About this exercise: Restate the whole listing below word for word and keep the images out.

Data shown:
• • • •
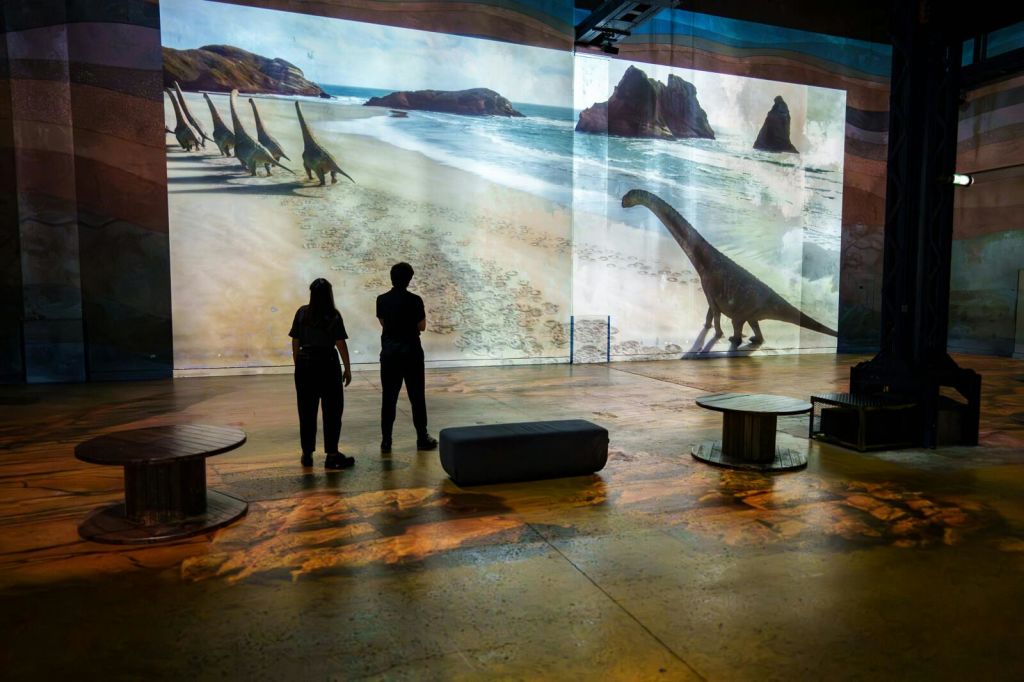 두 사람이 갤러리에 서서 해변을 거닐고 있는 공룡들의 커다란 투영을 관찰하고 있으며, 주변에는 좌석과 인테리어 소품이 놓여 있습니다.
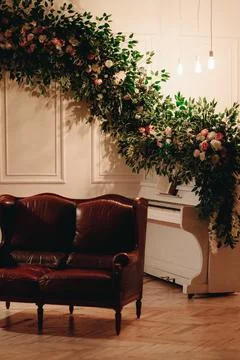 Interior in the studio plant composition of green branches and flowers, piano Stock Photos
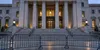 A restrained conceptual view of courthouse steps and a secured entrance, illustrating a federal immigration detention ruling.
• • • •
Exercise result:
 두 사람이 갤러리에 서서 해변을 거닐고 있는 공룡들의 커다란 투영을 관찰하고 있으며, 주변에는 좌석과 인테리어 소품이 놓여 있습니다.
 Interior in the studio plant composition of green branches and flowers, piano Stock Photos
 A restrained conceptual view of courthouse steps and a secured entrance, illustrating a federal immigration detention ruling.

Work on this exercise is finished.